Fair's Cooking Contests Attract Young Top Chef Wannabes
Matronly home cooks clutching recipe cards inherited from their kitchen-wise grannies are no longer shoo-ins to win culinary contests at the State Fair of Texas.
The number of young men competing in the various contests featuring Dr Pepper, Spam and Malt-o-Meal has been steadily increasing over the past decade, but this year may mark a tipping point for what longtime contest judge Marc Cassell characterizes as the "single man" contingent: Volunteers estimate as many as half of this year's competitors don't fit the stereotypical aproned housewife mold.
"We have more young ones than we've ever had," says Sharon Williams, a volunteer contest coordinator. "There are probably four men that come almost every day, and we have a teenager who beat out his mother."
Williams attributes the phenomenon partly to the Food Network, which has restored glamour and prestige to the agricultural tradition of outcooking one's neighbor.
"And once they see they're not the only man here, they come back," she says.
In the Hollywood version of this story, the old-timers would resent the newcomers, sabotaging their recipes and stealing their flour. But Williams says there's no hostility on the kitchen floor.
"Oh no, not at all," Williams says. "They're very welcoming."

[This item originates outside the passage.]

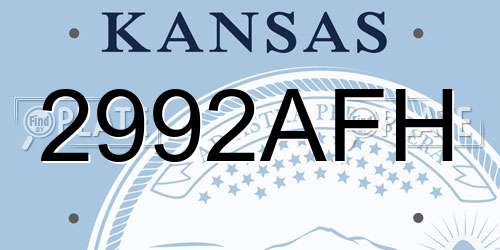 2992AFH Kansas License Plate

The competitors' camaraderie extends even to under-prepared entrants, such as the man who showed up empty-handed for a contest in which competitors were required to bring their own ingredients. Other competitors equipped the newbie with what he needed and, Williams says, "he won first place."
"You see a lot of goodwill," says Cassell, executive chef at Park.
Williams hasn't yet calculated whether young cooks are winning more contests than the cooks who, as Cassell puts it, "still use Oleo in their recipes." But the results of the Red River Biscuit Shootout suggest the new class of cooks might have a slight edge: While Cassell wasn't wowed by biscuits submitted in the contest's non-traditional category, he says, "overall, they were better" than the traditional entries.
"The standard biscuits weren't that great," he says. "I figured, judging the biscuit contest at the State Fair of Texas, I'd taste some damn good biscuits."